DMCT-NOTES/unit 2/06_KNN_Algorithm.md

# K-Nearest Neighbors (KNN)

**KNN** is a simple algorithm used for classification and regression.

## How it Works
1. Store all training data.
2. When a new data point comes in, find the **K** closest points (neighbors) to it.
3. **Vote**: Assign the class that is most common among those K neighbors.

## Key Characteristics
- **Instance-based Learning**: Uses training instances directly to predict.
- **Lazy Learning**: It doesn't "learn" a model during training.
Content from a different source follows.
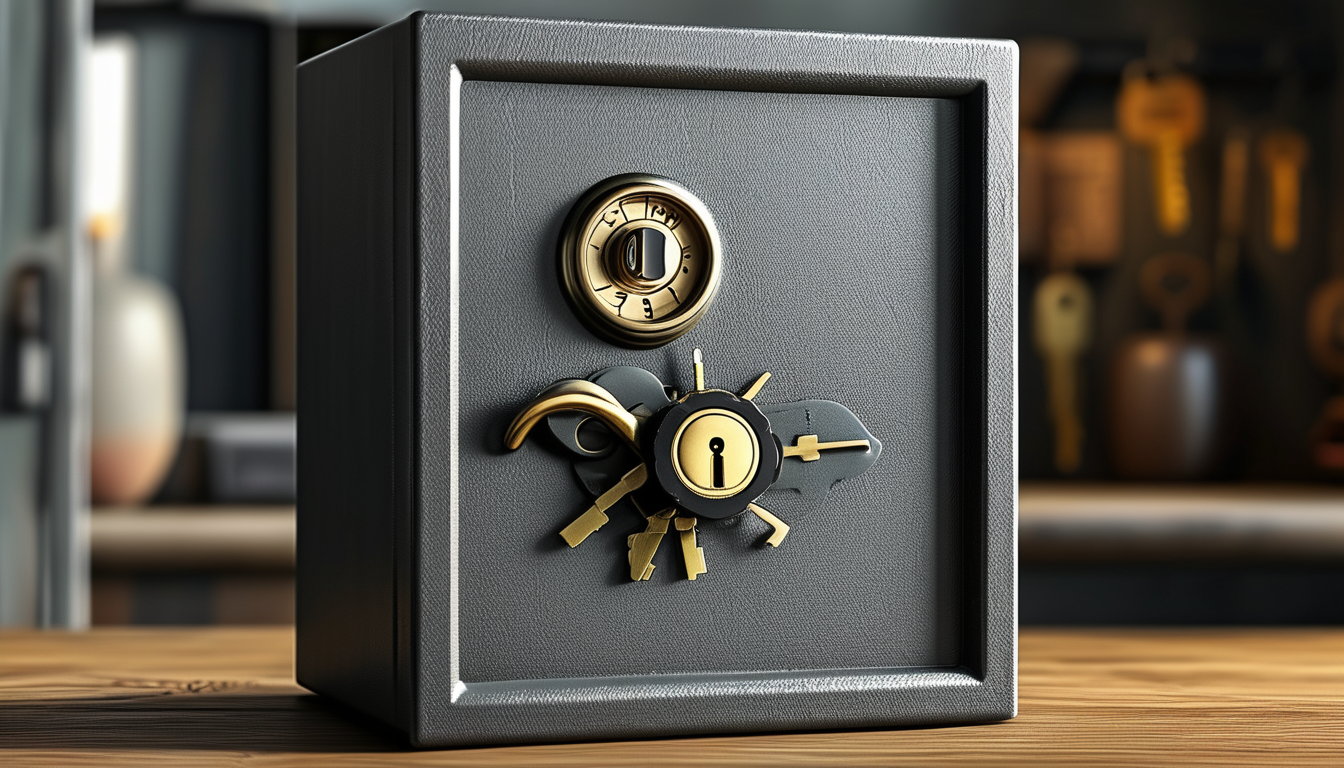 Commercial Anti Theft Safes For Managing Keys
It waits until a prediction is needed.
- **Non-Parametric**: It assumes nothing about the data structure.

## Choosing K
- **Small K**: Can be noisy and overfit (sensitive to outliers).
- **Large K**: Can be biased and miss patterns.
- **Tip**: Choose an **odd number** for K to avoid ties in voting.

## Distance Measures
How do we measure "closeness"?

### 1. Euclidean Distance
- The straight-line distance between two points.
- Used for numeric data.
- Formula: `sqrt((x2-x1)^2 + (y2-y1)^2)`

### 2. Manhattan Distance
- The distance if you can only move along a grid (like city blocks).
- Formula: `|x2-x1| + |y2-y1|`

### 3. Minkowski Distance
- A generalized form of Euclidean and Manhattan.

### 4. Chebyshev Distance
- The greatest difference along any coordinate dimension.

## Data Scaling
Since KNN uses distance, it is very sensitive to the scale of data.
- **Example**: If one feature ranges 0-1 and another 0-1000, the second one will dominate the distance.
- **Solution**: **Normalize** or **Standardize** data so all features contribute equally.